• PROBLEM TO SOLVE: From the entries below, copy exactly the lines from the one that contains "Синий Опель Зафира, объемом" through the one that contains "GUN CLUB ESTATES IN - Residential", both included, and only those.

• MATERIAL SHOWN:
========================================================================

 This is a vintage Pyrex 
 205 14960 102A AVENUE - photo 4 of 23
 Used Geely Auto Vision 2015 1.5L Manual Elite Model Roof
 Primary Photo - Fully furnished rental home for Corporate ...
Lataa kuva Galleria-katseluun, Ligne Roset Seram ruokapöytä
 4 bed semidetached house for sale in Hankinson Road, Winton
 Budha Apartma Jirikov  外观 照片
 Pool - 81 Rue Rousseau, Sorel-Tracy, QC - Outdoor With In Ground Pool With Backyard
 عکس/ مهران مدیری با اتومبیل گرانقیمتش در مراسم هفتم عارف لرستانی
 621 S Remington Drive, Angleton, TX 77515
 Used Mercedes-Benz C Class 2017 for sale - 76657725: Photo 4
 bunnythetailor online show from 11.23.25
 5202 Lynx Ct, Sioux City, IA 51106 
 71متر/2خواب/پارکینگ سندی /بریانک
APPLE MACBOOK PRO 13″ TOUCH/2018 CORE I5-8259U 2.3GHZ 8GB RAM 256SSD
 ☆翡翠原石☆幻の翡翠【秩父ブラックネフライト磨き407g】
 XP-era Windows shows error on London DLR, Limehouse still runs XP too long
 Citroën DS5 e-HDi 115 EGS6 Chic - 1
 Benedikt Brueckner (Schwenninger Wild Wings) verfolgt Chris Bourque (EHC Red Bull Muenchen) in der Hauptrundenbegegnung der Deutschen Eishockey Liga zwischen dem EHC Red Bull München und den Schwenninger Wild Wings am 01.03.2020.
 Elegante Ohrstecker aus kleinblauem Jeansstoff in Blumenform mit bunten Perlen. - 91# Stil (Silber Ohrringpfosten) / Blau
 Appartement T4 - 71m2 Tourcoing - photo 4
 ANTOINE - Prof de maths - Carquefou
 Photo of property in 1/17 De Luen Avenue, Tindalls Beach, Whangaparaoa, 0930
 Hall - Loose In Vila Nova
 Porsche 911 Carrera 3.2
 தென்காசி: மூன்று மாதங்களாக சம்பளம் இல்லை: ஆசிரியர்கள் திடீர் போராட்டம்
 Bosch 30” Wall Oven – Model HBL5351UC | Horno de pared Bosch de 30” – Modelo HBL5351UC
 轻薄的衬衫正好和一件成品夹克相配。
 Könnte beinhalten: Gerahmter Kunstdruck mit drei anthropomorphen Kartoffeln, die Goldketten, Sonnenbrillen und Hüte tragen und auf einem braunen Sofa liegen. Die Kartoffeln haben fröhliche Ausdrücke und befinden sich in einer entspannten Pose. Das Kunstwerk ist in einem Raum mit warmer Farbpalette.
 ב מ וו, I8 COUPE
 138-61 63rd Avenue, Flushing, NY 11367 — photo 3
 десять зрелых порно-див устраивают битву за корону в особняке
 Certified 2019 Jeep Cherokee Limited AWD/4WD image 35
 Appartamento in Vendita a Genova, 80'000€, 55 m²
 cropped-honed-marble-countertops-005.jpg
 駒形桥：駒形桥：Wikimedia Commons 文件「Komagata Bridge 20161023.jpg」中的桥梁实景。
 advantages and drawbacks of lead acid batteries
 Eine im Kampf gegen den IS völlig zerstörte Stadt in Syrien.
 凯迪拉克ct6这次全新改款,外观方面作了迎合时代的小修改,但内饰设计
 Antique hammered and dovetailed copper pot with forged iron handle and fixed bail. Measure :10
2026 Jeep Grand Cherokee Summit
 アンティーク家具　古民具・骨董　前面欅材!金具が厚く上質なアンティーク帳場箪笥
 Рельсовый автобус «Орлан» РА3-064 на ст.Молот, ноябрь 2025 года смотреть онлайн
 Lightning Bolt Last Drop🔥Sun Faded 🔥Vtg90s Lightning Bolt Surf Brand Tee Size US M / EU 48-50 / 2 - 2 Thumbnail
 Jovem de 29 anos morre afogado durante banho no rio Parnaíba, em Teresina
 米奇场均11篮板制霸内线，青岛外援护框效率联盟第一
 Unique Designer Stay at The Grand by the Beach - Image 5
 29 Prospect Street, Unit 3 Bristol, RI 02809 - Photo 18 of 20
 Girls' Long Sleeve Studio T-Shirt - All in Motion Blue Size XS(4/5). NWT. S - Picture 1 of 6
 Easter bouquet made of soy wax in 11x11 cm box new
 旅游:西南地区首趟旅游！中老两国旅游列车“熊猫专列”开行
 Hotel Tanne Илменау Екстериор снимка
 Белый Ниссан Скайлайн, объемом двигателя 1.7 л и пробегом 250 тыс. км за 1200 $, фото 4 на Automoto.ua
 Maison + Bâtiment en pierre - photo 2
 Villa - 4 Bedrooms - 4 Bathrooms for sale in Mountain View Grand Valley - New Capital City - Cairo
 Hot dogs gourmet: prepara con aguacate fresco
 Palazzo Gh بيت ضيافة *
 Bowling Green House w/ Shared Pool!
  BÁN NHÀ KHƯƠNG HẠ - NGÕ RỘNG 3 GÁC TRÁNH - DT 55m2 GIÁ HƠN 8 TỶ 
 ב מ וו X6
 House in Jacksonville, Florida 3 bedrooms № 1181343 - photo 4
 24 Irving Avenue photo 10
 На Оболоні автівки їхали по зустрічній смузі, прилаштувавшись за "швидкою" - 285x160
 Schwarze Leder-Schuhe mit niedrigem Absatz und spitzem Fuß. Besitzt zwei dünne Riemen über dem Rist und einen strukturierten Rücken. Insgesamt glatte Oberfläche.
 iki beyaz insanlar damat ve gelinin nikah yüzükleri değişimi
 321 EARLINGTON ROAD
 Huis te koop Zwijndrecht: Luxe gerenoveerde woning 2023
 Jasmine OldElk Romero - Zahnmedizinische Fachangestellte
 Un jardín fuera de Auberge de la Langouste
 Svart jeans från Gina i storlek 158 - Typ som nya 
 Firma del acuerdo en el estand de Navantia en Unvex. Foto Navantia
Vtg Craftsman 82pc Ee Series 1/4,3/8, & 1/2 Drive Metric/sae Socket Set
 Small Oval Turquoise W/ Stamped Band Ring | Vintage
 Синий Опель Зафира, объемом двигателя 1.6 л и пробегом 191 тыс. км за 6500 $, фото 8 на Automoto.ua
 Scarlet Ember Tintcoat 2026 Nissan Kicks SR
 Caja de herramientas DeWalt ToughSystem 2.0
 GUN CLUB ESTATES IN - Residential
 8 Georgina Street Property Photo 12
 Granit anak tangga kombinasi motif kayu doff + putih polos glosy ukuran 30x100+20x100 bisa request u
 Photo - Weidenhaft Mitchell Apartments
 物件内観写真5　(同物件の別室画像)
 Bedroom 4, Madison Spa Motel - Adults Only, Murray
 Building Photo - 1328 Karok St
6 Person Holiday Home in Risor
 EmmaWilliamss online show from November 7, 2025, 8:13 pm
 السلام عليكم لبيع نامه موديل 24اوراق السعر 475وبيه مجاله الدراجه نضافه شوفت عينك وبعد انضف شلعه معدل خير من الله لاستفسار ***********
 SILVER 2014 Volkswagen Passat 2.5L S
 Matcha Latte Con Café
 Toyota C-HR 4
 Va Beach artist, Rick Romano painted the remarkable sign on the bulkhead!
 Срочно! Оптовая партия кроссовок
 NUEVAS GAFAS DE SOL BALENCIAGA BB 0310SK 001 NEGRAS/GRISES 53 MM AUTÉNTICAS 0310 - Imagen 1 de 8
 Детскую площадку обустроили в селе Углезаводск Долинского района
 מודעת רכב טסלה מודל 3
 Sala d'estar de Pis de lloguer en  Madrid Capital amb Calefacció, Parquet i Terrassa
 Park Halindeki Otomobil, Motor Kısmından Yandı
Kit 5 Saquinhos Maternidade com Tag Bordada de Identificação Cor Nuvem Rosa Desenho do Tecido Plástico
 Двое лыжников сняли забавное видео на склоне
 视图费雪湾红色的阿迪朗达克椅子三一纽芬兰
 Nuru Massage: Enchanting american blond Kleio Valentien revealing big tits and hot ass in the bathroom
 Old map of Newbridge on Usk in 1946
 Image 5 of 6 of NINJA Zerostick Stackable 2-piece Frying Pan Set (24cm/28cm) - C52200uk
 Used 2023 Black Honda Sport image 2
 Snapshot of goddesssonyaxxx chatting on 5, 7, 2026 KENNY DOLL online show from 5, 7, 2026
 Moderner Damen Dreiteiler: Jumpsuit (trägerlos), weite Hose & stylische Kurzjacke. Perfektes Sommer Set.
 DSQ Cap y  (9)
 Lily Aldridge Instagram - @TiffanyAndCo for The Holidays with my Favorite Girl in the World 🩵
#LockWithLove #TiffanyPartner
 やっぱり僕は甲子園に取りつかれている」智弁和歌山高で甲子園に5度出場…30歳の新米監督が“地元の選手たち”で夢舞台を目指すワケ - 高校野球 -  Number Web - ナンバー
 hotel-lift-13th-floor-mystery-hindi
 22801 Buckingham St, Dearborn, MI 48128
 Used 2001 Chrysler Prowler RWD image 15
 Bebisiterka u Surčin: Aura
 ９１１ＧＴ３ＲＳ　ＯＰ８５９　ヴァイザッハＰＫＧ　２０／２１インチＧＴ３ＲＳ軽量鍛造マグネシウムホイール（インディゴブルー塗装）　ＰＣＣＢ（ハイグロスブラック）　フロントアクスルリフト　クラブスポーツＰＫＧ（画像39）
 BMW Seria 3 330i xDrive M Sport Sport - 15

========================================================================

• EXERCISE RESULT:
 Синий Опель Зафира, объемом двигателя 1.6 л и пробегом 191 тыс. км за 6500 $, фото 8 на Automoto.ua
 Scarlet Ember Tintcoat 2026 Nissan Kicks SR
 Caja de herramientas DeWalt ToughSystem 2.0
 GUN CLUB ESTATES IN - Residential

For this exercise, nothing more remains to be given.